Taxpayers can protect themselves and their heirs from this trap.

Documentation is the key. You have to compile evidence that proves you really changed your residence or domicile. This should be a critical part of your estate plan, if you spend a lot of time in more than one state or moved late in life after living in one state for at least a few years. Most estate
planning lawyers are well-versed in how to prove a person’s residence or domicile.

Know the rules. There is no substitute for learning the definition used by each state with which you have contacts. If a state uses the 183-day rule, you know how to establish the tax status you want in that
state. For the states that are more subjective, get a list of the factors each will consider. Some states list the factors in their tax codes. Others have had the factors developed by court decisions and regulations.
A tax or estate planning expert should be able to provide you with a complete list. The members’ section of our website, in the Checklists contained in the Members’ Extras section, has a list of factors used by
most states.

Count days. No matter which rule a state uses, the days spent in each location are important. Keep records of where you spend each day. You can keep a journal, make notations on a calendar, or use some
other method. Even this can get tricky. Some states say any part of a day spent in their borders counts as a full day, especially if you spent money in the state. Others do not count travel days and partial days.

Show your intent. States with a subjective test often require you to completely sever ties with them to avoid their taxes. They look at what are called contacts with the state. The more contacts you have,
the greater the likelihood that you’ll be viewed as a resident. Your driver’s license, auto registrations, voter registration and church and club memberships all must be changed. For example, a state might not
consider the move permanent if memberships are switched to inactive or associate status instead of being resigned or transferred. Some states also expect you to give up professional licenses in their states.

Real estate and business interests can cause significant problems.

To minimize risk, you need to sell all residences in a state. Some states say if you maintain an abode to which you can return, you never intended to permanently leave, even if you rent it to others. If you
want a place to return to in a state, at a minimum you should downsize. Sell the old place and buy a smaller one. Or rent a new place instead of owning a property. But even these measures have risks in an
aggressive state.

States that use a subjective test generally say that if you remain actively involved in a business there, you haven’t left the state. To leave these states, you have to sell the business or at least become a passive investor. It also is not a good idea to leave behind valuable items such as jewelry, furs and art.
Many states consider that leaving valuable items, even in storage, is a significant contact that triggers taxation.
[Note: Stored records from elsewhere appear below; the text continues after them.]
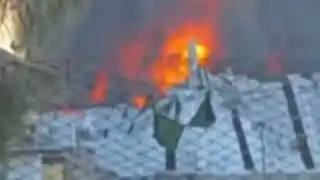 Trabajan 25 dotaciones de bomberos provenientes de distintos cuarteles de la región.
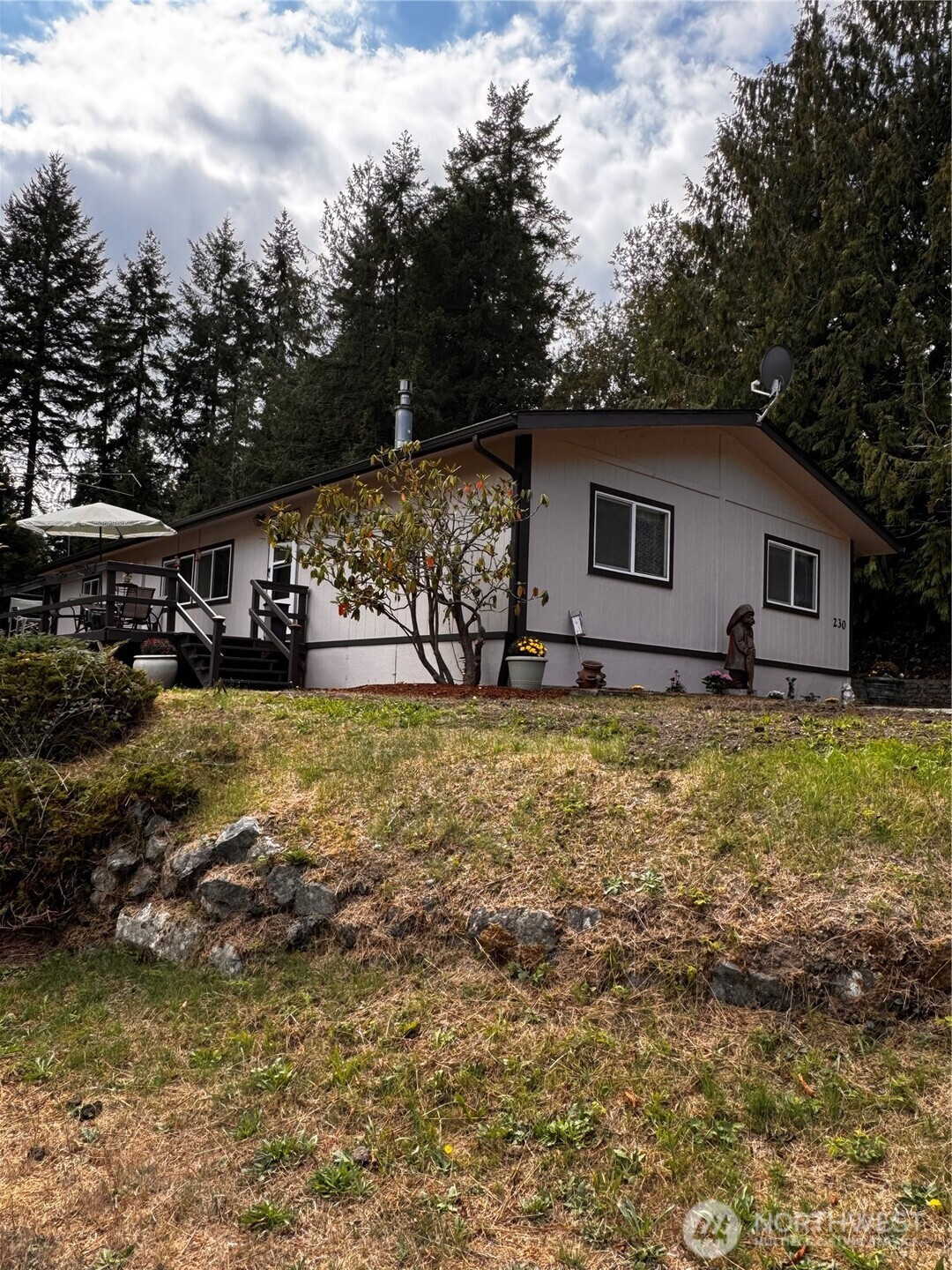 230 Meadowood Drive W, Seabeck, WA 98380
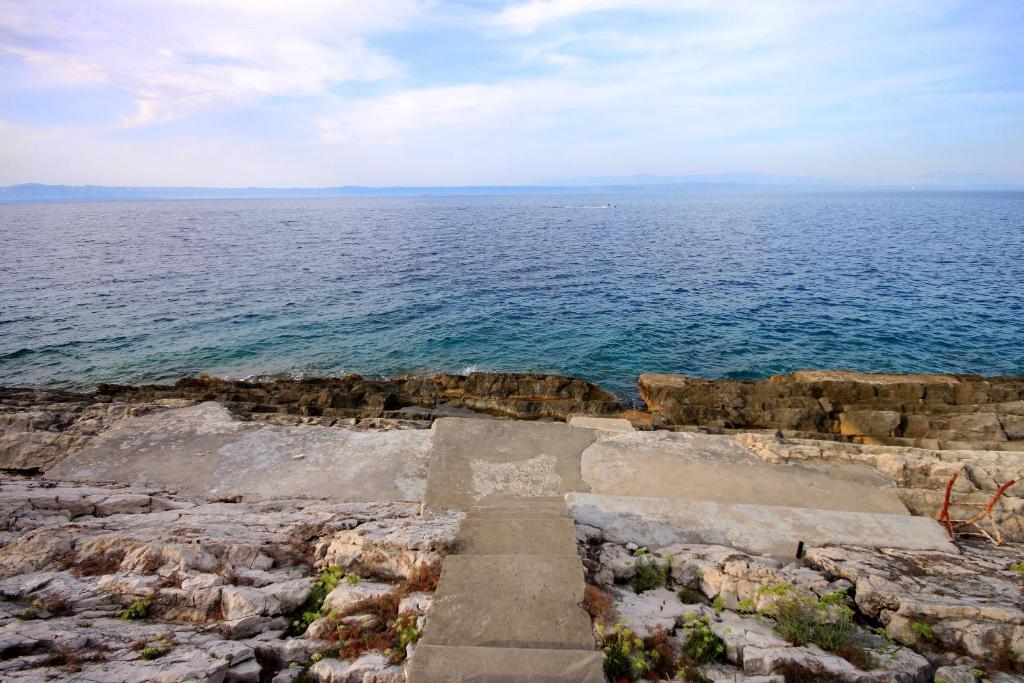 Apartments by the sea Prigradica, Korcula - 9141 photo 3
Don’t play games. Don’t leave gray areas or inconsistencies that allow a state to assert you are resident there. A common mistake is to keep a boat or vehicle registered in the old state because the property taxes or registration fees are lower. Another frequent mistake is for someone to tell the state he is a passive investor in a business but assert active investor status on the federal income tax return, where it can result in big tax savings. Another bad ploy: Tell an insurance company you are resident in one
state because premiums are lower for its residents, but tell the state you are resident elsewhere. An aggressive state will look at these and other documents and pounce on inconsistencies. These actions could trigger fraud penalties in addition to a tax bill.

Some tax departments are more aggressive than ever, especially in states that are losing residents. With lower federal taxes, state levies are relatively more significant than they used to be. Don’t give a state an
incentive to troll through your telephone, credit card and other records. Let the state auditors believe their time is better spent elsewhere by clearly establishing you definitely moved.